DESCRIPTION OF THE TASK
Omitting all images, transcribe the listing word for word.

GIVEN RECORDS
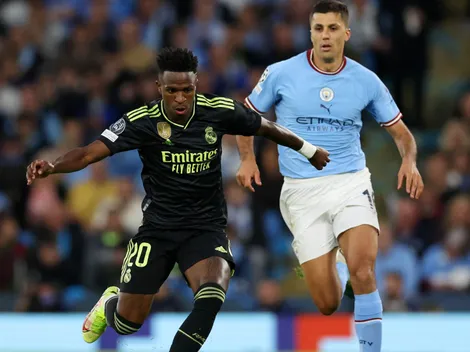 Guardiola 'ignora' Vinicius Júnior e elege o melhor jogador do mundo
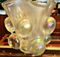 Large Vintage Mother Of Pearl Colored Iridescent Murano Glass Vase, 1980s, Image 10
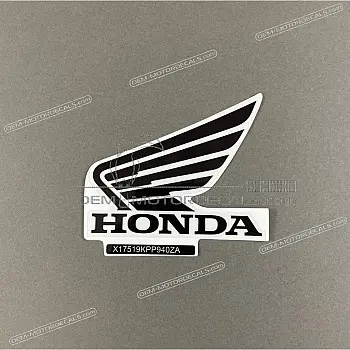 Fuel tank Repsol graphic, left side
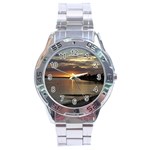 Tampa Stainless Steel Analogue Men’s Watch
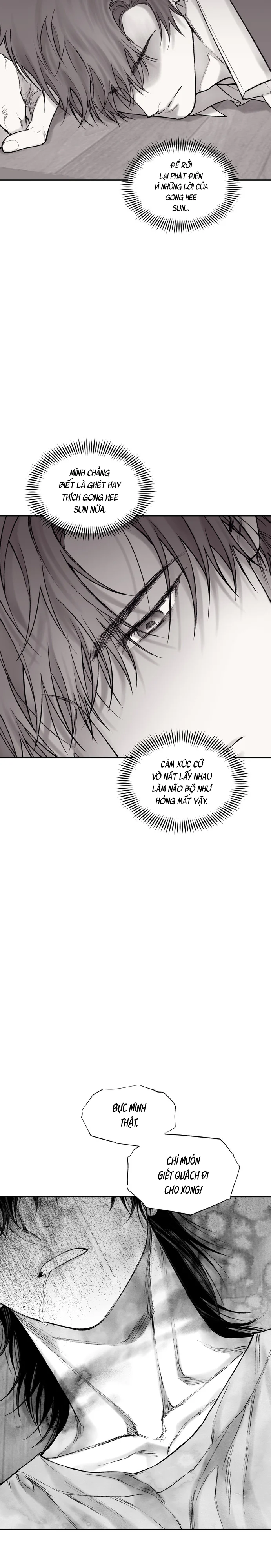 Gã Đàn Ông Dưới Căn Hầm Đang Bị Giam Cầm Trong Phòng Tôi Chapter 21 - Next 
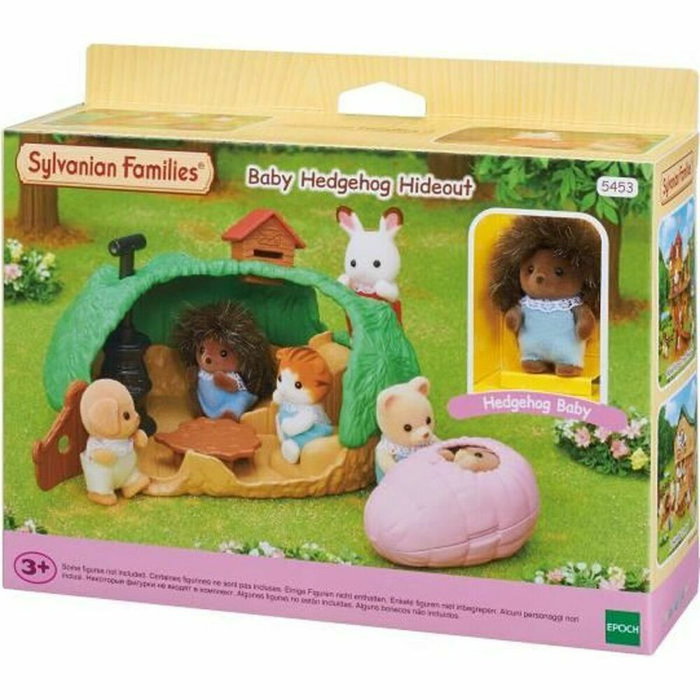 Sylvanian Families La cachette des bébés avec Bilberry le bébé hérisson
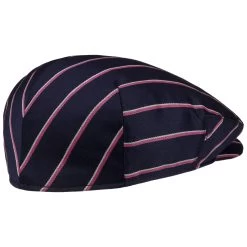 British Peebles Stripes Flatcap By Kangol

FINISHED TASK
 Guardiola 'ignora' Vinicius Júnior e elege o melhor jogador do mundo
 Large Vintage Mother Of Pearl Colored Iridescent Murano Glass Vase, 1980s, Image 10
 Fuel tank Repsol graphic, left side
 Tampa Stainless Steel Analogue Men’s Watch
 Gã Đàn Ông Dưới Căn Hầm Đang Bị Giam Cầm Trong Phòng Tôi Chapter 21 - Next 
 Sylvanian Families La cachette des bébés avec Bilberry le bébé hérisson
 British Peebles Stripes Flatcap By Kangol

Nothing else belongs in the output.